FIG. 2 is a schematic, isometric drawing of one embodiment of an antenna in accordance with the teachings of this invention.

FIG. 2A is a plan drawing of a bent dipole for use in the antenna of FIG. 2.

FIG. 3 is a pictorial diagram of a railroad, radio-frequency identification system with an antenna installation in accordance with the teachings of this invention.

FIG. 4A is a polar plot of an example of a radiation pattern, in elevation, of a phase array antenna in accordance with the teachings of this invention.

FIG. 4B is representation of a rectangular and spherical coordinate system showing the antenna of the present invention at the origin and defining the angles Θ, and φ used in the polar plots of FIGS. 4A and 5, relative to the rectangular coordinate system.

FIG. 5 is a polar plot of an example of the radiation pattern, in azimuth, of the antenna, created by taking a Θ=45 pattern shown in FIG. 4A. The conical cut creates a surface representation of the antenna gain.

FIG. 6 is block diagram of the antenna shown in FIG. 2, constructed in accordance with the teachings of this invention.

FIGS. 7A and 7B are plan views of a printed circuit board pair used to construct the antenna shown schematically in FIG. 6.

FIGS. 8A and 8B are plan views of the opposite sides of the printed circuit boards shown in FIGS. 7A and 7B.

FIG. 9 is a sectional view of the assembled printed circuit board pair taken at the balun location.

BACKGROUND OF THE INVENTION

1. Field of the Invention

This invention relates to compact, phase array antennas and, more particularly, to a phase array antenna for use in a vehicular radio frequency identification system.

2. Background of the Invention

As will be appreciated by those skilled in the art, railroads are beginning to use a radio frequency identification (RFID) systems to keep track of their rolling equipment. As illustrated in FIG. 1, in such RFID systems, a tag 10 attached to the side of a moving railroad car responds to interrogation signals from a trackside antenna 12. Coded information about the passing railroad car is received by the trackside RFID equipment. Reliable operation depends on a sustained RF link between the fixed trackside antenna 12 and the moving tag antenna 10 so that multiple cycles of sequentially-coded data are transmitted and received.

Where there are adjacent parallel tracks, the tags on the inside car surfaces (i.e. the car surface between the two tracks) must be read by a low-profile trackside antenna. The top surface of a trackside antenna for such an interior antenna must be close to the ground (i.e. not extend above the rail), both by regulation, and by the nature of its environment. Also, because of the limited space between tracks, the trackside antenna is necessarily close to the passing RFID tags. These geometric factors create a very unfavorable situation for the antenna-to-antenna link: the effective gain of the railroad tag antenna in the direction of the trackside antenna is suppressed, and the overlap of the two antenna patterns tends to be brief because of the rapidly-changing angular geometry and the directive nature of the patterns. The relatively weak link, which exists for only a short duration using prior art trackside antennas, produces unreliable tag reads.

SUMMARY OF THE INVENTION

An object of this invention is the provision of a fixed, restricted-height antenna, which provides enhanced tag illumination in a radio frequency identification system.
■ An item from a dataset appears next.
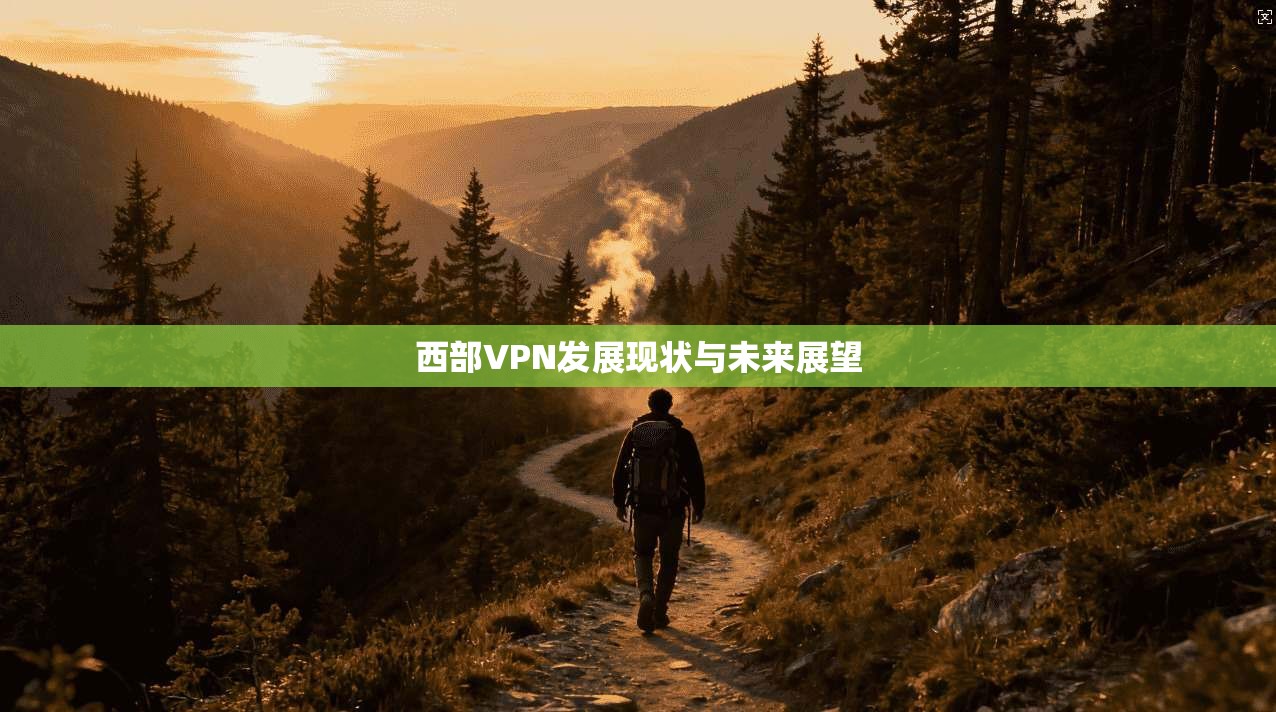 西部VPN发展现状与未来展望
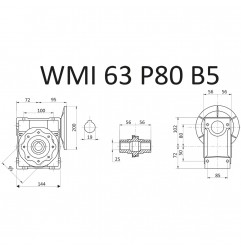 RIDUTTORE VITE SENZA FINE WMI 63 1/100 PAM 80 B5  FORO 25 LUBR. STM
Another object of this invention is the provision of a mechanically simple, printed circuit antenna array with a printed circuit unbalanced to balanced feed, so that critical parts of the assembly can be readily manufactured using printed wiring technology.

Briefly, this invention contemplates the provision of a multi-element, H plane, phased, dipole array antenna with a useful gain over a wide angle in azimuth and over a controlled sector in elevation. Two printed wiring boards feed and can support the dipole antenna elements. The phase and spacing of the dipole elements establish the radiation elevation angle, and a planar metallic reflector, spaced on the order of a half wavelength of the RF signal from the dipole array, interacts with the dipole-element pattern, to provide the wide angle azimuth gain.